Her Nose Should Have Grown Longer by This Morning
Her answer on
Russia, for instance, was bizarre.
The Sixth Fleet
is already huge, and it's hard to say why adding to its capabilities would
intimidate Putin — after all, America has enough nuclear weapons pointed at
Russia to level the country thousands of times over. Her proposal for more
military exercises in the Baltics seemed odd in light of the fact that
President Obama is already
conducting military exercises in the Baltics. And the US already
has around 40,000 troops stationed in Germany, so it's hard to
say what good "a few thousand" more would do. And pushing on a
missile defense system in Poland is a very long-term solution to a very current
problem. In total, Fiorina's laundry list of proposals sure sounded like a
plan, but on inspection, it's hard to see why any of them would convince Putin
to change course.
Her immigration
answer was also odd to anyone who knew the issue's recent history.
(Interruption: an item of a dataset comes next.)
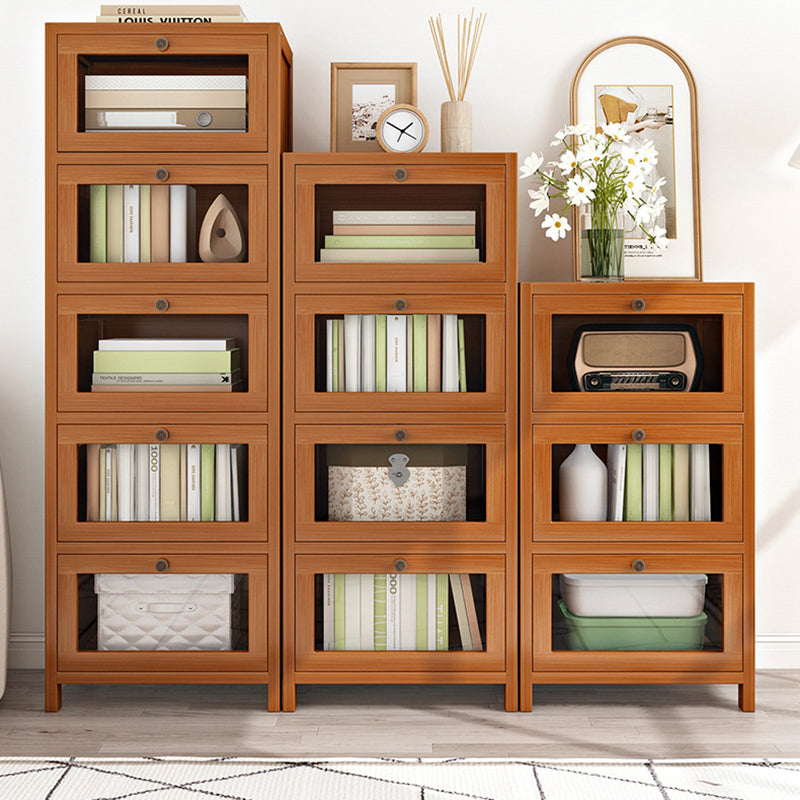 Modern Minimalist Rectangular Nan Bamboo Density Panel Acrylic Nightstand 3/4/5 Drawer For Bedroom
It's true
Obama didn't immediately push immigration reform when he took office, but it
was his top priority after reelection, and he spent a solid year trying to make
the Senate's comprehensive immigration-reform bill — the one crafted, in part,
by Sen. Marco Rubio—
into law. That legislation was stopped by Republicans in the House of
Representatives, not by the Democrat in the White House. "Send me a
comprehensive immigration reform bill in the next few months," Obama begged in
2013, "and I will sign it right away."
Or take her
biggest applause line of the night: a riff on the Planned Parenthood tapes that
set conservative Twitter afire. "I dare Hillary Clinton,
Barack Obama to watch these tapes. Watch a fully formed fetus on the
table,it's heart beating, it's legs kicking while someone says
we have to keep it alive to harvest its brain."
The only
problem? Nothing like that happens in the Planned Parenthood tapes. As Sarah
Kliff, who has watched all the tapes, wrote,
"either Fiorina hasn't watched the Planned Parenthood videos or she is
knowingly misrepresenting the footage."
This has become
something of a habit for Fiorina, who has a notable facility for delivering
answers that thrill conservatives but fall apart under close examination. In a
recent interview with Katie Couric, for instance, Fiorina delivered a
four-minute riff on climate change that the National
Review enthused "shows how to address the left on climate
change." The only problem, as David Roberts pointed out, was that every single
thing she said in it was wrong.
But if
presidential campaigns were decided by fact checkers, Al Gore would have won in
a landslide. Fiorina is, for now, able to do what her competitors aren't:
command a stage, speak in specifics, project knowledge, and elicit roars from a
crowd. She's a political outsider in a campaign that favors outsiders, an
orthodox conservative at a moment when Republicans are terrified of Donald
Trump's heterodoxies, and a woman in a year when most Republicans think Hillary
Clinton's main advantage is her gender. And she's now won two debates against
the most talented Republican field in a generation.
Fiorina is
going to be a force to be reckoned with, even if it's going to leave fact
checkers and policy analysts pulling their hair out.